Кондрашов непримиримо качал головой.
— Война нынче другая, неправильно рассуждаешь. После сведу тебя с капитаном Никитиным, он тебе лучше меня растолкует, какая теперь война пошла. Неправильно… При себе держи такие разговорчики. Настроение ты мне испортил, Ковальчук, вот что тебе скажу…
Заскрипела дощатая дверка с одной петлей посередине, объявился Валька Зотов.
— Николай Сергеевич, обыскались вас! Опять у нас тут… Короче, идем в штаб?
— Рассказывай, — приказал Кондрашов, когда отошли от пулеметной землянки.

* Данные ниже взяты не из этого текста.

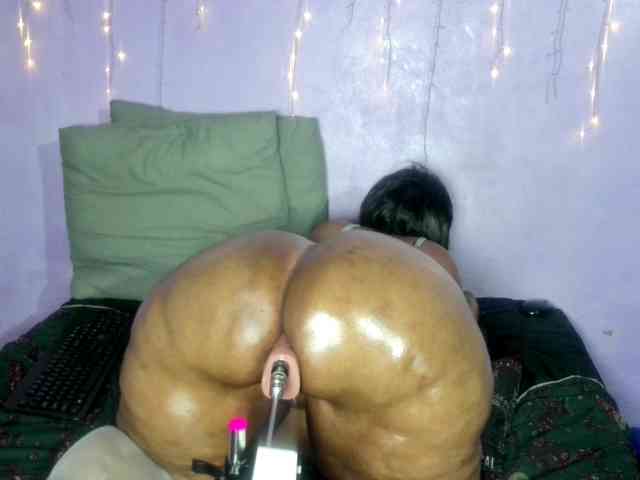 Big-Ass-Wilma webcam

— Ну уж нет, — замахал руками Зотов, — при всех разговор, чтоб не было шороху, что я вас сподтишка настраиваю. Капитан и так уже, на меня глядючи, губой дергается.
— С капитаном, значит… Ты имей в виду, что Никитин — самый ценный человек у нас, умно с ним вести себя надо, как Фурманов при Чапаеве.
— А то! — обиделся Зотов. — Я уж и так, и этак, так ведь уперся же… Понимаю, боевой… Но злющий!.. Кого хошь шлепнет, если не по-евонному…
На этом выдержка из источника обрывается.